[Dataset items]
· · ·

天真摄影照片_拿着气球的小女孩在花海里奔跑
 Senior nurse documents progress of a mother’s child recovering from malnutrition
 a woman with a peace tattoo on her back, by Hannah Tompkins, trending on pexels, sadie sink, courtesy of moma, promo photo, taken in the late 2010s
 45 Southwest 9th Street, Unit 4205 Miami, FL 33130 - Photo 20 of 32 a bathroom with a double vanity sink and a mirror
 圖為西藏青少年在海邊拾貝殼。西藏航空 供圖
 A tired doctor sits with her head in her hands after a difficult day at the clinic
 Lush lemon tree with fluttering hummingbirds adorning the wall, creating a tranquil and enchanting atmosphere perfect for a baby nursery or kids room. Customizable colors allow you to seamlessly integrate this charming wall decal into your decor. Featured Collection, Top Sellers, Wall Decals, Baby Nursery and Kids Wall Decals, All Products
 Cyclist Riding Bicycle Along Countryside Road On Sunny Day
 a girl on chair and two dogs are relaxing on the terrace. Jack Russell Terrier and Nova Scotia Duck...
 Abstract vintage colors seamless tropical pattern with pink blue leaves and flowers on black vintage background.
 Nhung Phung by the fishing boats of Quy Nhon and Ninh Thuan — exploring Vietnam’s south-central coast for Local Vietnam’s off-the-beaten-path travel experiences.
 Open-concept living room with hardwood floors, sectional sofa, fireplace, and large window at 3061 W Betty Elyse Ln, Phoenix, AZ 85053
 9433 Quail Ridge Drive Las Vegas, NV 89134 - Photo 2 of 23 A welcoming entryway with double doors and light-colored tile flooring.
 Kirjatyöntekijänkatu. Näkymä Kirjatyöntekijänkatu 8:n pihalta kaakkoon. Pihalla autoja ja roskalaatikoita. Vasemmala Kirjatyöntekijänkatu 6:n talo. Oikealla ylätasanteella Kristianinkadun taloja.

· · ·

• Exercise: Precisely as given, transcribe all of the entries above.

• Solution for this problem:
天真摄影照片_拿着气球的小女孩在花海里奔跑
 Senior nurse documents progress of a mother’s child recovering from malnutrition
 a woman with a peace tattoo on her back, by Hannah Tompkins, trending on pexels, sadie sink, courtesy of moma, promo photo, taken in the late 2010s
 45 Southwest 9th Street, Unit 4205 Miami, FL 33130 - Photo 20 of 32 a bathroom with a double vanity sink and a mirror
 圖為西藏青少年在海邊拾貝殼。西藏航空 供圖
 A tired doctor sits with her head in her hands after a difficult day at the clinic
 Lush lemon tree with fluttering hummingbirds adorning the wall, creating a tranquil and enchanting atmosphere perfect for a baby nursery or kids room. Customizable colors allow you to seamlessly integrate this charming wall decal into your decor. Featured Collection, Top Sellers, Wall Decals, Baby Nursery and Kids Wall Decals, All Products
 Cyclist Riding Bicycle Along Countryside Road On Sunny Day
 a girl on chair and two dogs are relaxing on the terrace. Jack Russell Terrier and Nova Scotia Duck...
 Abstract vintage colors seamless tropical pattern with pink blue leaves and flowers on black vintage background.
 Nhung Phung by the fishing boats of Quy Nhon and Ninh Thuan — exploring Vietnam’s south-central coast for Local Vietnam’s off-the-beaten-path travel experiences.
 Open-concept living room with hardwood floors, sectional sofa, fireplace, and large window at 3061 W Betty Elyse Ln, Phoenix, AZ 85053
 9433 Quail Ridge Drive Las Vegas, NV 89134 - Photo 2 of 23 A welcoming entryway with double doors and light-colored tile flooring.
 Kirjatyöntekijänkatu. Näkymä Kirjatyöntekijänkatu 8:n pihalta kaakkoon. Pihalla autoja ja roskalaatikoita. Vasemmala Kirjatyöntekijänkatu 6:n talo. Oikealla ylätasanteella Kristianinkadun taloja.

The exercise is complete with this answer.